What you will do:
Starting with the first line of the data that follows, transcribe every line verbatim until the line containing "Poster Paigham (1959)" has been transcribed.

----------

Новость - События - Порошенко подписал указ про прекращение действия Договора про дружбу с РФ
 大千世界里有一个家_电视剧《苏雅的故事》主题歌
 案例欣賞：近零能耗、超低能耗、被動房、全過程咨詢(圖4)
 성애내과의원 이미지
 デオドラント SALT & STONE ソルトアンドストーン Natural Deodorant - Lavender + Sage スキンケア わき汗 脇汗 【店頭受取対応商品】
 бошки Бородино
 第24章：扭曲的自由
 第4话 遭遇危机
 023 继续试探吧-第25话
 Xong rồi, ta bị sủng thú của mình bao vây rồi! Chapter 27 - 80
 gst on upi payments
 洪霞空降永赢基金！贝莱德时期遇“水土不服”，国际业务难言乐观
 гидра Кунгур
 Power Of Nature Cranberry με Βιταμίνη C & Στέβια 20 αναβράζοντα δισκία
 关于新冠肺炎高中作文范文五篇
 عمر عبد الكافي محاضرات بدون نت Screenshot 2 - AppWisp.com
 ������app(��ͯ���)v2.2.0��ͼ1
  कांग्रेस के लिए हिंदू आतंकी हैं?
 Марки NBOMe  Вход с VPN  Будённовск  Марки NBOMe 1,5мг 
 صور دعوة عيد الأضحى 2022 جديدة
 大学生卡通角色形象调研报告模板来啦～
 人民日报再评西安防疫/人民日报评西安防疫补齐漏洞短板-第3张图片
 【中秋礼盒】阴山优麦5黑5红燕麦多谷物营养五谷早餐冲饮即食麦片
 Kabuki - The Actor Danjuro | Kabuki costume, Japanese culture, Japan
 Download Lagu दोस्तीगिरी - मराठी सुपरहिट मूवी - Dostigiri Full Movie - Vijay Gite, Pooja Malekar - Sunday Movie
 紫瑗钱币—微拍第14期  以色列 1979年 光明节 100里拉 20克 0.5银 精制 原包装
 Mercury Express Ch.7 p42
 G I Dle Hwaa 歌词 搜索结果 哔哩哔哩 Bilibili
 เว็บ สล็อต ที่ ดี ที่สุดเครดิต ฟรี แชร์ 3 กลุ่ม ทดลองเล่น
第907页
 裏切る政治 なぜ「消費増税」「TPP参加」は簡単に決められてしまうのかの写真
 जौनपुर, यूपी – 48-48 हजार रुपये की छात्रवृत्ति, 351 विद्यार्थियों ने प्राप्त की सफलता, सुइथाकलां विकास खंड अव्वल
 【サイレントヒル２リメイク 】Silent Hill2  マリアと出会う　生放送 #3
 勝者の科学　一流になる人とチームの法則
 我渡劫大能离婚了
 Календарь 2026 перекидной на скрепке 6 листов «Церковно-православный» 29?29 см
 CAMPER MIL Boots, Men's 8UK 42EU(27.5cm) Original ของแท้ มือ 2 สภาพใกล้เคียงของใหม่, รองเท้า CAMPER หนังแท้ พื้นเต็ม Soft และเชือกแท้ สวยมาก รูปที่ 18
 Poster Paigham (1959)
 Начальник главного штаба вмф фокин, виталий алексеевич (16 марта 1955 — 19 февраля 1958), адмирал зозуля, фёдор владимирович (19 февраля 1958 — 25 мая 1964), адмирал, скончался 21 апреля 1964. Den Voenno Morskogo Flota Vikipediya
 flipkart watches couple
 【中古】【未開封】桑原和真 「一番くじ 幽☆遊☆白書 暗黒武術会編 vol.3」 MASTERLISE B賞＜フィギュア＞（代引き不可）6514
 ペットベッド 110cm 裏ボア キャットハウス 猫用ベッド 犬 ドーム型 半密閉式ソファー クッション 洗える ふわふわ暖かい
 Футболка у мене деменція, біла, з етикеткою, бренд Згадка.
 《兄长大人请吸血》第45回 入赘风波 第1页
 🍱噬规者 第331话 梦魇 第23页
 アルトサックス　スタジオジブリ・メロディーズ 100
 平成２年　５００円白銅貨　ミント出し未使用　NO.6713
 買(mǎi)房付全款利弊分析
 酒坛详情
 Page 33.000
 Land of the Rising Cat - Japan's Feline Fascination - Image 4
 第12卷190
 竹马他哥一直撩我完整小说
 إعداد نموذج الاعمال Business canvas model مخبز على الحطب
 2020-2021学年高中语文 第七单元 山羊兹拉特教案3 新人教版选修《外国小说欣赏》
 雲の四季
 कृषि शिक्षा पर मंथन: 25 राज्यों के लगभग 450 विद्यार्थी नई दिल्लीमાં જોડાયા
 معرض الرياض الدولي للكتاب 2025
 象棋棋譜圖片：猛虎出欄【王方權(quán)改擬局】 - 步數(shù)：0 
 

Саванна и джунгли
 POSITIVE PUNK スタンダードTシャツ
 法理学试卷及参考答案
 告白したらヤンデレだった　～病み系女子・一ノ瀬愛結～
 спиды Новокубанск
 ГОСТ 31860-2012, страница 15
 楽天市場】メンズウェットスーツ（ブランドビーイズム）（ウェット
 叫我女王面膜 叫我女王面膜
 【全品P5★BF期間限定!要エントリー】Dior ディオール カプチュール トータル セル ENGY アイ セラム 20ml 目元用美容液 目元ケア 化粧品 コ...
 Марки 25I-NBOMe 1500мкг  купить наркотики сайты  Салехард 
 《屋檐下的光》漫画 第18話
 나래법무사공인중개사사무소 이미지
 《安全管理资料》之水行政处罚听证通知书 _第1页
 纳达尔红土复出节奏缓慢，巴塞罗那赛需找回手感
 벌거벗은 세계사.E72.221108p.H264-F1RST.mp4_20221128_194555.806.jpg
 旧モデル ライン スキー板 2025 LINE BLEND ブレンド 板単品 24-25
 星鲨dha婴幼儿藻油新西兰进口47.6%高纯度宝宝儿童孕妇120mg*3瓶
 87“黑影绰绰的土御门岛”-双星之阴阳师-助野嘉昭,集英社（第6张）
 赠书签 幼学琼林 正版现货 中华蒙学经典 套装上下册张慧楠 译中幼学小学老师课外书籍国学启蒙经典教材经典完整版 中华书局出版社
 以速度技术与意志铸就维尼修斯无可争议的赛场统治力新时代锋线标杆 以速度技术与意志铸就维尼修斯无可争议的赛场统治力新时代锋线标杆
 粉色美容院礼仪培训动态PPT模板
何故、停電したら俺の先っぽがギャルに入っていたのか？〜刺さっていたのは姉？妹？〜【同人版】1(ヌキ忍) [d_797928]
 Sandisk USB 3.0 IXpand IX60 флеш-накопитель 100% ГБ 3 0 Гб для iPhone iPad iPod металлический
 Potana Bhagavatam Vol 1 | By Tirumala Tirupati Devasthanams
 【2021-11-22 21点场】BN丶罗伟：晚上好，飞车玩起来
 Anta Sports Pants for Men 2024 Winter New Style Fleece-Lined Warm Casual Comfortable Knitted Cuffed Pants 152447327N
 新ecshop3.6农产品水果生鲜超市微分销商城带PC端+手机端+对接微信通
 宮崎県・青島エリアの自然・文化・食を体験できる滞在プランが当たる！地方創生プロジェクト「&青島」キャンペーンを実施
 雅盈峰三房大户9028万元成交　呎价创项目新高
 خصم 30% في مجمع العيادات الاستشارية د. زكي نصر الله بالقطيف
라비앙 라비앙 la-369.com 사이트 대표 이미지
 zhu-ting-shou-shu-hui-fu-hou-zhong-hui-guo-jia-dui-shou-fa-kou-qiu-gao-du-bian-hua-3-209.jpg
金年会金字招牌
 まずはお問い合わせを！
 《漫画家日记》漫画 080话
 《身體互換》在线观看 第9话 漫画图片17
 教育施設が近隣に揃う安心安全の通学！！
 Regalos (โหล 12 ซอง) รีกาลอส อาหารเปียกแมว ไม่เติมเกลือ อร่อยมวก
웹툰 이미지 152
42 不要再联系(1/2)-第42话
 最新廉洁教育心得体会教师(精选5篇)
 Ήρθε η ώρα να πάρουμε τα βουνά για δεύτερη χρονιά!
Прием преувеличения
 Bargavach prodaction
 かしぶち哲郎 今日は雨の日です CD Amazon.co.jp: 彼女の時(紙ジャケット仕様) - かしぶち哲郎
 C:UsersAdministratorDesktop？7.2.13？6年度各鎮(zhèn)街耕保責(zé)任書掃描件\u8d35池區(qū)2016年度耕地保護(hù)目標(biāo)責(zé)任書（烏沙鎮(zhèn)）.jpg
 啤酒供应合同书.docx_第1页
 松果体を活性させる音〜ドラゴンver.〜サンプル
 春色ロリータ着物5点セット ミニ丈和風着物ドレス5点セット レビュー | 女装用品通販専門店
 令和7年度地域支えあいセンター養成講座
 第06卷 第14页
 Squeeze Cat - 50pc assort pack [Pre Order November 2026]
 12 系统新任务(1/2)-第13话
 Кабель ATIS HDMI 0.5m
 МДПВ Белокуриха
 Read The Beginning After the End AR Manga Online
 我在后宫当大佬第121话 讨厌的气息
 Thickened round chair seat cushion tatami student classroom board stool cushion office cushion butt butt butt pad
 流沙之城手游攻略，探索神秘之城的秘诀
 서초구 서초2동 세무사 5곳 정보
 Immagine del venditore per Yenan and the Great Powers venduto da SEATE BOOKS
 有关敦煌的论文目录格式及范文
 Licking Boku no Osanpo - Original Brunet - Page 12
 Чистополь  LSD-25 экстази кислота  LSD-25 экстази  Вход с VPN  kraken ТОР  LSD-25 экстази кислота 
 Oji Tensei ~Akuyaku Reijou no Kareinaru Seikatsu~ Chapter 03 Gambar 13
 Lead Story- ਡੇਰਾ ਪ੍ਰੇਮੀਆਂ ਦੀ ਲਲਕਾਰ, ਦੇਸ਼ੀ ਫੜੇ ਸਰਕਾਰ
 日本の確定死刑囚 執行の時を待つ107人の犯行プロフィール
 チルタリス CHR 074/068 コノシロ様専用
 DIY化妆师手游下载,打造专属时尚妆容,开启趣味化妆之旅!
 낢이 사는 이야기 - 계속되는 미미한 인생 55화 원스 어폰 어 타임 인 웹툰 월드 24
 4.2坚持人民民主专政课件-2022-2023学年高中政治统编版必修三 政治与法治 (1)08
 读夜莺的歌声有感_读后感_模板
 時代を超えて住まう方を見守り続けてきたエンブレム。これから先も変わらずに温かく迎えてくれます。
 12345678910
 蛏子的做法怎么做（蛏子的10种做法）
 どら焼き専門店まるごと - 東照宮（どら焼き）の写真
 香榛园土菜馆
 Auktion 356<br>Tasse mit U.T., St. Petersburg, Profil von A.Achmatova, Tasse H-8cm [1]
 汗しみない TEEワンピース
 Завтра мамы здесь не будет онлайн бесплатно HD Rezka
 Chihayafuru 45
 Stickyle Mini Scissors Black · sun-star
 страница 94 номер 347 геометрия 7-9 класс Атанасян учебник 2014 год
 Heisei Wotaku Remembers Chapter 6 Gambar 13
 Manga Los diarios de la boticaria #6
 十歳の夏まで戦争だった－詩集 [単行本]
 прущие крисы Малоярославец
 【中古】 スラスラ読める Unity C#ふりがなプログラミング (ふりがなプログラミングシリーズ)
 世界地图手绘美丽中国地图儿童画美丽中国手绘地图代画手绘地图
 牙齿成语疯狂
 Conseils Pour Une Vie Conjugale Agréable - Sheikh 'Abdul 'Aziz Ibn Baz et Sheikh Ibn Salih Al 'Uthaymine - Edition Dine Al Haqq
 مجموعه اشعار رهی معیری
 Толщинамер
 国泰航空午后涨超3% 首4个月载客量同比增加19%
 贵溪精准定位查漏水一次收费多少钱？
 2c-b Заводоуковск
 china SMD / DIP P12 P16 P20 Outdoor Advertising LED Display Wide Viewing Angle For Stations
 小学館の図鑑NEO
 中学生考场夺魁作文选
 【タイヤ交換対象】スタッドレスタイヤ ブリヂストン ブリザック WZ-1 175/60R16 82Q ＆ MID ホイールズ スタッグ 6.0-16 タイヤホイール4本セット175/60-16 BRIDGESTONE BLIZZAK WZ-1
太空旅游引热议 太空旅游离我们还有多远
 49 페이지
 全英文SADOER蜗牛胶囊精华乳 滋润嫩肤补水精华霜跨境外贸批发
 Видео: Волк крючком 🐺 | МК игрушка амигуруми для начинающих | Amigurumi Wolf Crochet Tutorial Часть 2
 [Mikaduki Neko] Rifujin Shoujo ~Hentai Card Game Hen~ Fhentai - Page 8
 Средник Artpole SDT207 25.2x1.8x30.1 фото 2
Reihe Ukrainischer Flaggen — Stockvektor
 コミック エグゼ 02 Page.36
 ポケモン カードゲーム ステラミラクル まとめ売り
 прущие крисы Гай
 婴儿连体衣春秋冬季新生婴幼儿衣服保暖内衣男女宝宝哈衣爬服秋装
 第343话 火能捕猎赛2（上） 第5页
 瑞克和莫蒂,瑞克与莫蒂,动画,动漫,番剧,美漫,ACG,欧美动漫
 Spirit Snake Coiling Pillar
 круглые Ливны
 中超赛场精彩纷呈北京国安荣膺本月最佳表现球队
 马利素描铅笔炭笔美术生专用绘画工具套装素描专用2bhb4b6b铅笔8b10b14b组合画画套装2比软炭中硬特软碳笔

----------

Output below:
Новость - События - Порошенко подписал указ про прекращение действия Договора про дружбу с РФ
 大千世界里有一个家_电视剧《苏雅的故事》主题歌
 案例欣賞：近零能耗、超低能耗、被動房、全過程咨詢(圖4)
 성애내과의원 이미지
 デオドラント SALT & STONE ソルトアンドストーン Natural Deodorant - Lavender + Sage スキンケア わき汗 脇汗 【店頭受取対応商品】
 бошки Бородино
 第24章：扭曲的自由
 第4话 遭遇危机
 023 继续试探吧-第25话
 Xong rồi, ta bị sủng thú của mình bao vây rồi! Chapter 27 - 80
 gst on upi payments
 洪霞空降永赢基金！贝莱德时期遇“水土不服”，国际业务难言乐观
 гидра Кунгур
 Power Of Nature Cranberry με Βιταμίνη C & Στέβια 20 αναβράζοντα δισκία
 关于新冠肺炎高中作文范文五篇
 عمر عبد الكافي محاضرات بدون نت Screenshot 2 - AppWisp.com
 ������app(��ͯ���)v2.2.0��ͼ1
  कांग्रेस के लिए हिंदू आतंकी हैं?
 Марки NBOMe  Вход с VPN  Будённовск  Марки NBOMe 1,5мг 
 صور دعوة عيد الأضحى 2022 جديدة
 大学生卡通角色形象调研报告模板来啦～
 人民日报再评西安防疫/人民日报评西安防疫补齐漏洞短板-第3张图片
 【中秋礼盒】阴山优麦5黑5红燕麦多谷物营养五谷早餐冲饮即食麦片
 Kabuki - The Actor Danjuro | Kabuki costume, Japanese culture, Japan
 Download Lagu दोस्तीगिरी - मराठी सुपरहिट मूवी - Dostigiri Full Movie - Vijay Gite, Pooja Malekar - Sunday Movie
 紫瑗钱币—微拍第14期  以色列 1979年 光明节 100里拉 20克 0.5银 精制 原包装
 Mercury Express Ch.7 p42
 G I Dle Hwaa 歌词 搜索结果 哔哩哔哩 Bilibili
 เว็บ สล็อต ที่ ดี ที่สุดเครดิต ฟรี แชร์ 3 กลุ่ม ทดลองเล่น
第907页
 裏切る政治 なぜ「消費増税」「TPP参加」は簡単に決められてしまうのかの写真
 जौनपुर, यूपी – 48-48 हजार रुपये की छात्रवृत्ति, 351 विद्यार्थियों ने प्राप्त की सफलता, सुइथाकलां विकास खंड अव्वल
 【サイレントヒル２リメイク 】Silent Hill2  マリアと出会う　生放送 #3
 勝者の科学　一流になる人とチームの法則
 我渡劫大能离婚了
 Календарь 2026 перекидной на скрепке 6 листов «Церковно-православный» 29?29 см
 CAMPER MIL Boots, Men's 8UK 42EU(27.5cm) Original ของแท้ มือ 2 สภาพใกล้เคียงของใหม่, รองเท้า CAMPER หนังแท้ พื้นเต็ม Soft และเชือกแท้ สวยมาก รูปที่ 18
 Poster Paigham (1959)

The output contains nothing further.